I grew up going to church but I’m not religious now and I never really understood this part.
Please, no answers along the lines of “aha, that’s why Christianity is a sham” or “religions aren’t logical”. I don’t want to debate whether it’s right or wrong, I just want to understand the logic and reasoning that Christians use to explain this.
The theological answer, as I learned it, is most clearly spelled out in James 2:14-26, often referenced through the phrase “faith without works is dead”. The short version is: faith in Jesus will save you, not good deeds. However, if you have faith in Jesus, then that faith will manifest itself through good deeds. If someone proclaims their faith but doesn’t act lovingly, then they don’t actually have faith and won’t be saved. So a Christian should be a good person not because being good will save them, but because being good is a result of genuine faith.

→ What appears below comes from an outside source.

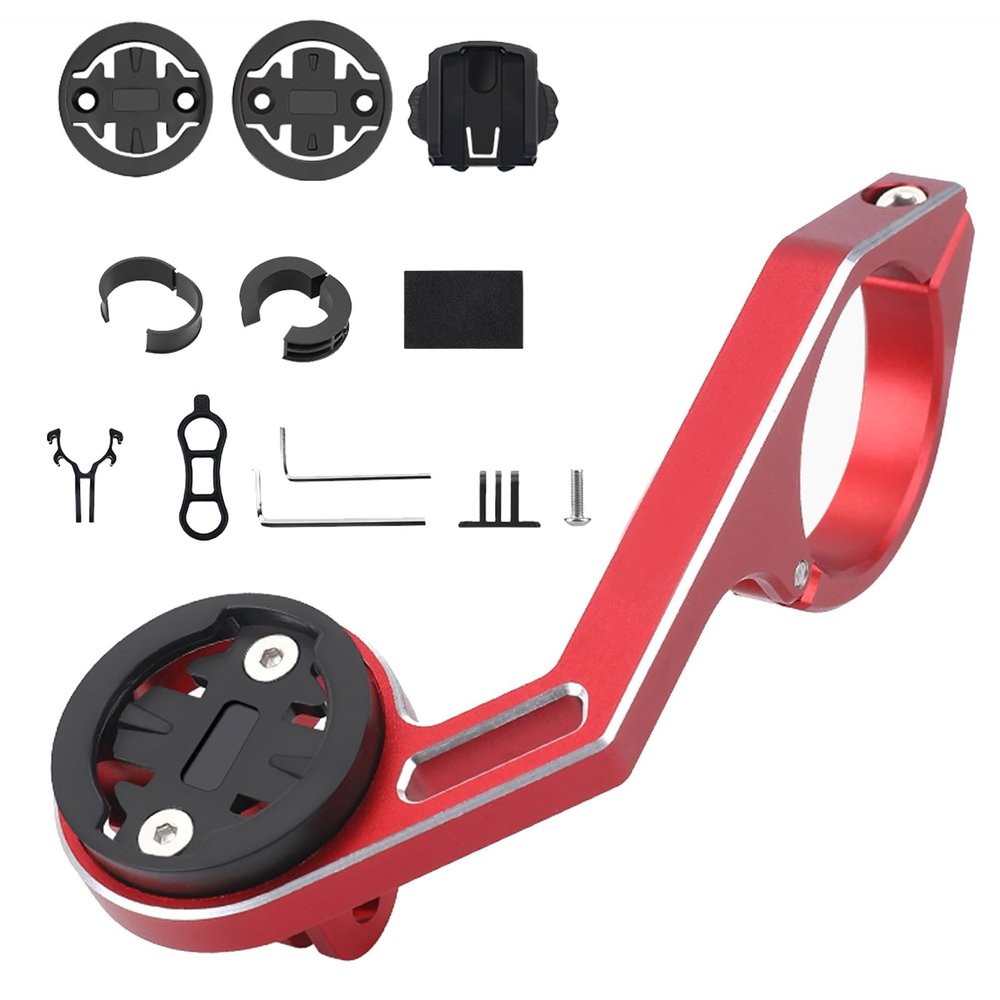 CZMYCBG Bike Aluminum Computer Out-Front Mount, Dash Handlebar Universal Computer Mount Compatible with Action Cameras, Bicycle Lights, and Cycling Computers(Red)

In Jesus’s time, there were three different sects of Judaism.
One of them, the Sadducees, allegedly believed there was no life after death and that God didn’t care at all about what people did or didn’t do.
Their answer to your question of following the law is perhaps the most interesting.
They believed that what was put forth as laws were a gift to humanity and that following them inherently led to a better life in the here and now.
While I don’t personally see all of the laws put forward as beneficial, there are certainly instances where that makes a lot of sense.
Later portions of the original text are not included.